RDF System Management Manual for J-series and H-series RVUs (RDF 1.10)
Figure 15 ZLT Configuration With Standby and Backup Systems Located at Separate Sites
If the standby and backup systems are not one and the same, you must remember to set up remote
passwords between the standby and backup systems. You must do so with the same user ID that
has control over starting and stopping RDF.
If you lose your primary system due to an unplanned outage, you connect the remote mirrors to
the standby system, and then initiate a takeover operation on the backup system. Before performing
the takeover, RDF reads the remaining audit records from the remote mirrors, and processes those
audit records. Thus, RDF can read absolutely all of the audit records that were generated on the
primary system prior to the system failure, and no committed data is lost.

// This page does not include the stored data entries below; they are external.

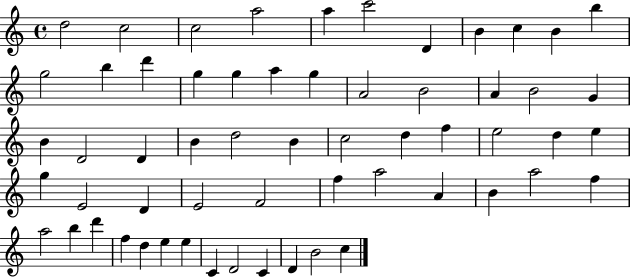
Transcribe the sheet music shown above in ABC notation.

X:1
T:Untitled
M:4/4
L:1/4
K:C
d2 c2 c2 a2 a c'2 D B c B b g2 b d' g g a g A2 B2 A B2 G B D2 D B d2 B c2 d f e2 d e g E2 D E2 F2 f a2 A B a2 f a2 b d' f d e e C D2 C D B2 c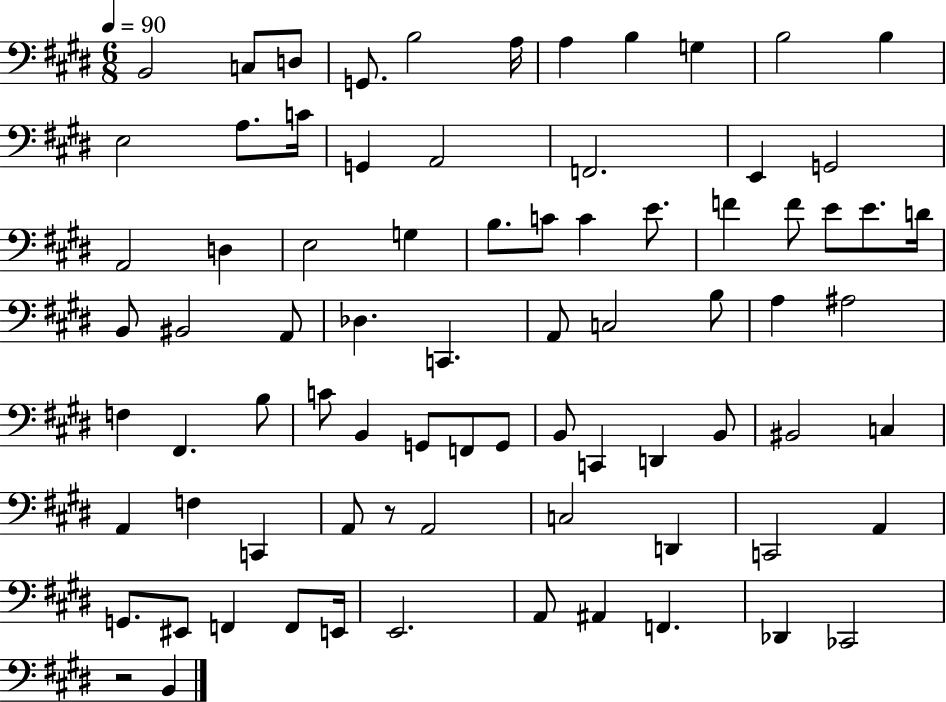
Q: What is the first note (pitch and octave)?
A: B2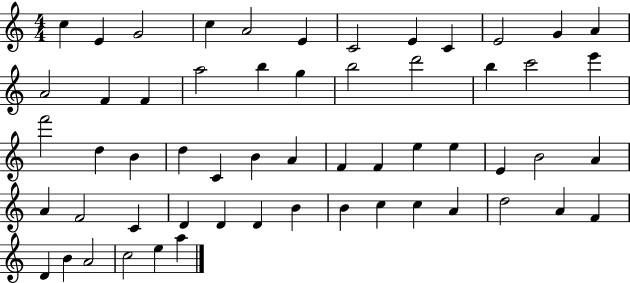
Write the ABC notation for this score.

X:1
T:Untitled
M:4/4
L:1/4
K:C
c E G2 c A2 E C2 E C E2 G A A2 F F a2 b g b2 d'2 b c'2 e' f'2 d B d C B A F F e e E B2 A A F2 C D D D B B c c A d2 A F D B A2 c2 e a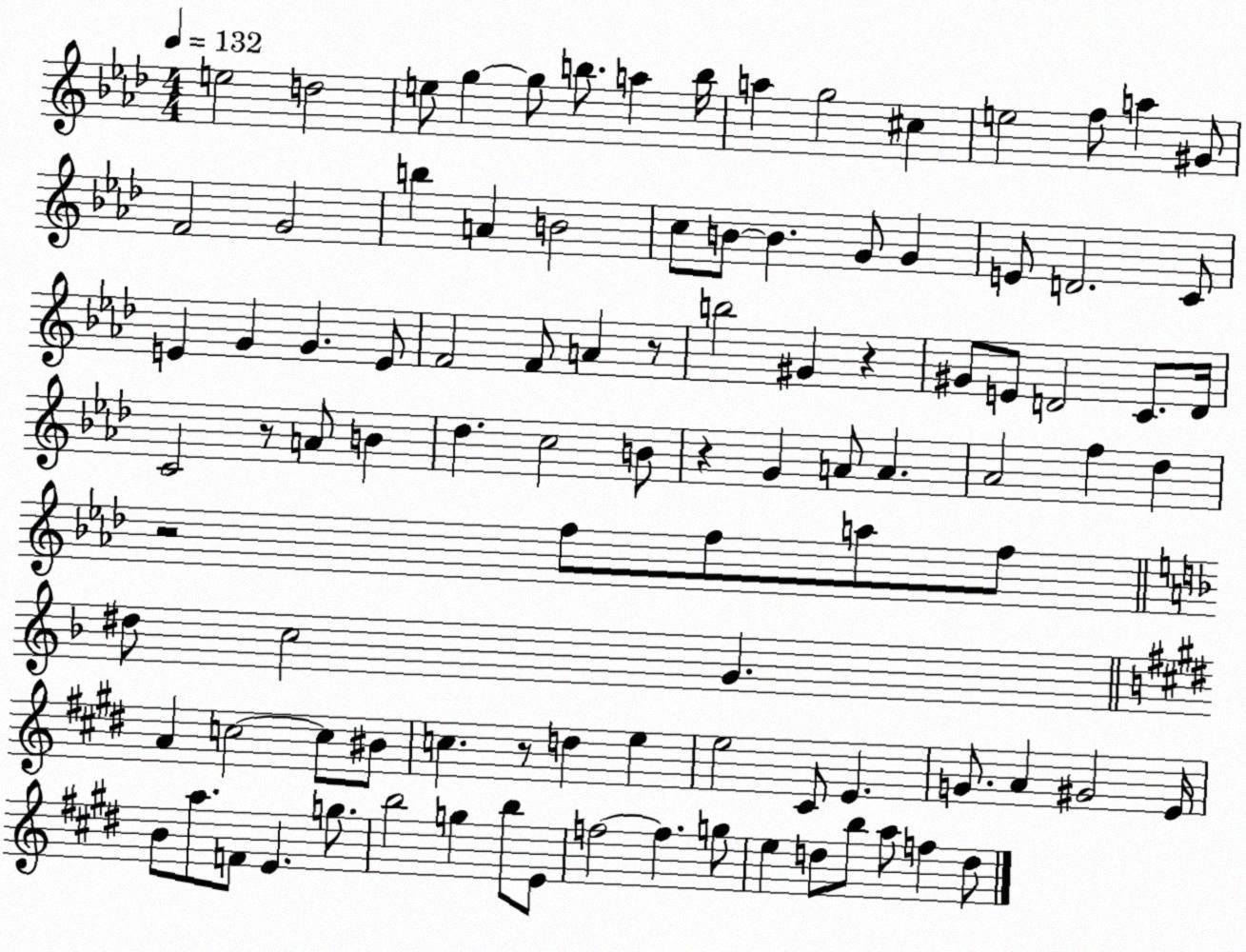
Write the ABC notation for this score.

X:1
T:Untitled
M:4/4
L:1/4
K:Ab
e2 d2 e/2 g g/2 b/2 a b/4 a g2 ^c e2 f/2 a ^G/2 F2 G2 b A B2 c/2 B/2 B G/2 G E/2 D2 C/2 E G G E/2 F2 F/2 A z/2 b2 ^G z ^G/2 E/2 D2 C/2 D/4 C2 z/2 A/2 B _d c2 B/2 z G A/2 A _A2 f _d z2 f/2 f/2 a/2 f/2 ^d/2 c2 G A c2 c/2 ^B/2 c z/2 d e e2 ^C/2 E G/2 A ^G2 E/4 B/2 a/2 F/2 E g/2 b2 g b/2 E/2 f2 f g/2 e d/2 b/2 a/2 f d/2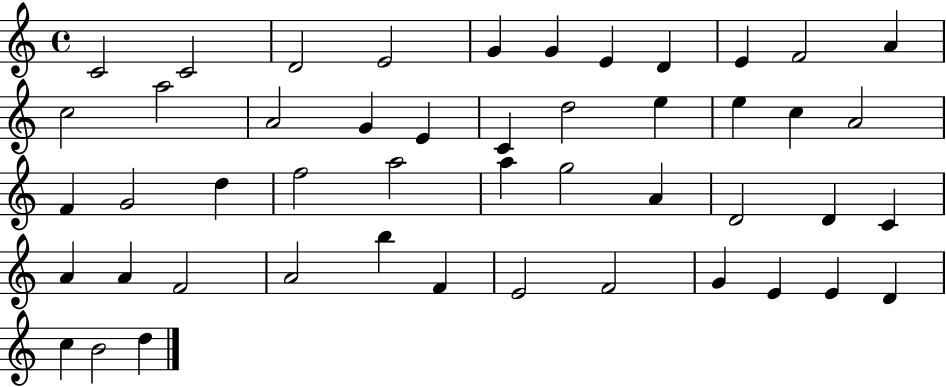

NOTE: You must connect the remote mirrors to the standby system before starting the RDF takeover
operation; otherwise, the takeover aborts because RDF cannot find the disks you configured in
RDF for remote mirroring. In such a case, you should connect the disks and then restart the RDF
takeover operation.
If you lose the primary system to a disaster and that disaster does not affect the standby and backup
systems, no committed transactions are lost because RDF on the backup system can fetch all missing
audit records from the remote mirrors. If a regional disaster takes down both the primary and the
standby systems, however, you can still resume business on the backup system but without the ZLT
guarantee. Some transactions committed on the primary system might be lost.
Using CommitHoldMode
If you want absolute ZLT protection, you must configure your audit trails with the
COMMITHOLDMODE attribute set to on. Doing so causes each write to the audit trail to be directed
to the remote audit trail disk first. If that write fails for any reason, TMF activates commit-hold mode.